Remembering Charlie Novinskie
We were shocked to learn of the passing of Charlie Novinskie, 64, this week. Non-Sport Update readers will know Charlie’s name from his regular contributions to the magazine. Charlie came on board in 1999 and often wrote about comics, Star Wars, and even a six-part story on the “Birth of the Trading Card” that covered how trading cards are made from licensing and pre-production to distribution and beyond. This was the most in-depth story NSU has ever published.
Charlie’s first paid gig in the hobby may have been with Topps Comics but Charlie’s history in comics started as a child, growing up in Shamokin, PA. This was not too far from The Toser’s, original NSU publisher and founder’s Harrisburg, PA headquarters, though we never knew Charlie when he lived in Pennsylvania. Charlie had a lifelong love of comics and often wrote to publishers and had his letters published in the funny pages (on an old NSU website page, Charlie’s bio noted that over 300 of his letters were published in Marvel comics!). A Shamokin-based newspaper interviewed Charlie about the passing of Stan Lee in 2018 and noted that Charlie had 20,000 comics in his Arizona home, where he lived at the time of his passing.
We met Charlie when he became involved with Topps Comics. While Topps’ comic division had a relatively short run, Charlie was there from start to finish in his role as sales and promotion manager and worked on titles such as Bram Stoker’s Dracula, Duckman, several Jurassic Park titles, Ray Bradbury Comics, Zorro, and, of course, comics based on Mars Attacks, among others. One of their biggest hits were comics based on The X-Files. In fact, Charlie helped get an X-Files comic section into the pages of TV Guide.

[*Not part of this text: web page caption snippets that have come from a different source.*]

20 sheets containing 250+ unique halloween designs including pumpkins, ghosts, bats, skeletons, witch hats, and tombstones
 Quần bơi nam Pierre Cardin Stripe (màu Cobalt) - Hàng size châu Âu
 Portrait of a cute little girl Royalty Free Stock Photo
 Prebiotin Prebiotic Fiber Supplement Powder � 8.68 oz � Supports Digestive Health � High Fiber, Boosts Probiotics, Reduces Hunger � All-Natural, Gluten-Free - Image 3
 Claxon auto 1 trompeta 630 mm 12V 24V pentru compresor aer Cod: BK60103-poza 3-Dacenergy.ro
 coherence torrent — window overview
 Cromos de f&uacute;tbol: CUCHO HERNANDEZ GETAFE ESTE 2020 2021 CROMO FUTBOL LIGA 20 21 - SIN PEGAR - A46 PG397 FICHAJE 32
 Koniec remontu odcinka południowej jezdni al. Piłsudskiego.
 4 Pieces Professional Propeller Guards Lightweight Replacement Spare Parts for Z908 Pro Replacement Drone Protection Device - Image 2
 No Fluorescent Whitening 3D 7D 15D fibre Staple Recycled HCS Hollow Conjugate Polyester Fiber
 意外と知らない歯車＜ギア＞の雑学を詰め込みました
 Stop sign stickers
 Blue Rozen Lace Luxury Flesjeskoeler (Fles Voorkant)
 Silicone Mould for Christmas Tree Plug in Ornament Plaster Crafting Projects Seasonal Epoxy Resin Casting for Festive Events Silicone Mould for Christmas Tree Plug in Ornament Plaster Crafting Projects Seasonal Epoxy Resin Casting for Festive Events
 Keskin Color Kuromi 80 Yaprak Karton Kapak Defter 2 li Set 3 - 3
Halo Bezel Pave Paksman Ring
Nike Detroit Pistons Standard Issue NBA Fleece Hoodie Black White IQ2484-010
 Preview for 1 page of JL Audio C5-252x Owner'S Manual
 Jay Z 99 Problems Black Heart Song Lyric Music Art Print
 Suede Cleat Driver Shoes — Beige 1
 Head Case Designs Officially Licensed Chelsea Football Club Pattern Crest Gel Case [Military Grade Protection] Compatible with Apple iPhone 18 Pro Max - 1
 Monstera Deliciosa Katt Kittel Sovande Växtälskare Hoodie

After Topps Comics, Charlie had a number of communications and writing gigs. Talk to anyone who knew Charlie and they would talk about how many gigs Charlie juggled. One of those was NSU writer. Charlie wrote over 100 pieces for NSU through to the current issue. He was not only able to write about the comics and movies he loved but could also tackle nearly any assignment we threw at him.
In addition to Non-Sport Update, Charlie was the Public Information Officer at Walker Field Airport Authority in Grand Junction, CO where he lived for many years and later was the Managing/Creative Writer for Living Magazine in Lake Havasu, AZ. Other “side hustles” included writing trading card backs for a variety of card companies. He also volunteered as a board member for A Commitment To Our Roots (ACTOR), which later became The Hero Initiative, and was an advisor to the Overstreet Comic Book Price Guide.
Charlie was well loved within the industry. Jonathan Baylis, who worked at Topps Comics during the last two years of its run, remembered how tight knit the Topps Comic group was (consisting of Novinskie, Baylis, Mark Weintraub, Don Alan Zakrzewski and, sometimes, Jim Salicrup). The group ate lunch together nearly every day and traveled together to Grand Junction to see Charlie after the comics division was disbanded.
Jim Salicrup, who headed up Topps Comics, said “Charlie liked to say I ‘dragged him into comics,’ by hiring him first as an editor and then our Director of Sales at Topps Comics, where I was Editor-in-Chief and Associate Publisher. The truth is it didn’t take too much dragging, Charlie loved comics and was thrilled to become a part of the professional comics world after being a longtime fan. And everyone at Topps loved Charlie—he worked hard, was good at what he did, and was always kind and respectful with everyone he interacted with. He was also a lot of fun and a friend. I’ll miss him greatly.”
Ira Friedman, former publisher of Topps Comics, had the following to say about Charlie’s passing, “For those who knew him, his love and passion for the comics medium was deep and his knowledge was encyclopedic. Over the years and on many occasions, Charlie would tell me that his time at Topps was the most enjoyable experience of his working career. As Publisher of this enterprise, those sentiments made me feel good. Then again, Charlie had a knack for making those around him feel comfortable and appreciated. Needless to say, it comes as a devastating blow to learn of his unexpected passing.”
While it’s often said in these sorts of remembrances, it’s true that everyone liked Charlie and he always had a smile on his face. He will be sorely missed.